Number Three is all but finished. Arrived at that magical moment yesterday - that point where you realise the words are in place, the story's been told, and anything else will be too much.
I'll leave it for a while now, maybe a few weeks, before casting a fresh, critical eye over it, to see what can be pared down or sharpened up. Will get a couple of reports from critical readers too.
In the meantime, and before I start grappling with Number Four, there's a short story or ten, I'd like to write, and I have to finish redesigning the website. Maybe a bit of painting can be fitted in as well. Ooh, so much to do.
By the by, I didn't realise it was the bicentenary of Charles Dickens' birth this year.

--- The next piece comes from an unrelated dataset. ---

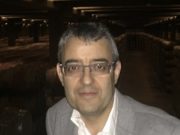 Dr. Manuel Mirón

Apparently there's a global program of events under the banner Dickens 2012. I was lucky enough to hear a lecture by Adrian Wootton (chief executive of Film London), at Melbourne's Wheeler Centre last week on the Life of Dickens.
While I'm not a huge fan of Dickens' novels - have read quite a few, but have grown weary of the style - I must say that Adrian Wootton's presentation reinvigorated my interest, and I may well return to reading one or two more before long. Maybe I'll revisit Great Expectations, which was always my favourite. The last one I read was The Mystery of Edwin Drood, which, as I discovered at the end, was a mystery because Dickens inconveniently died before he finished writing the thing.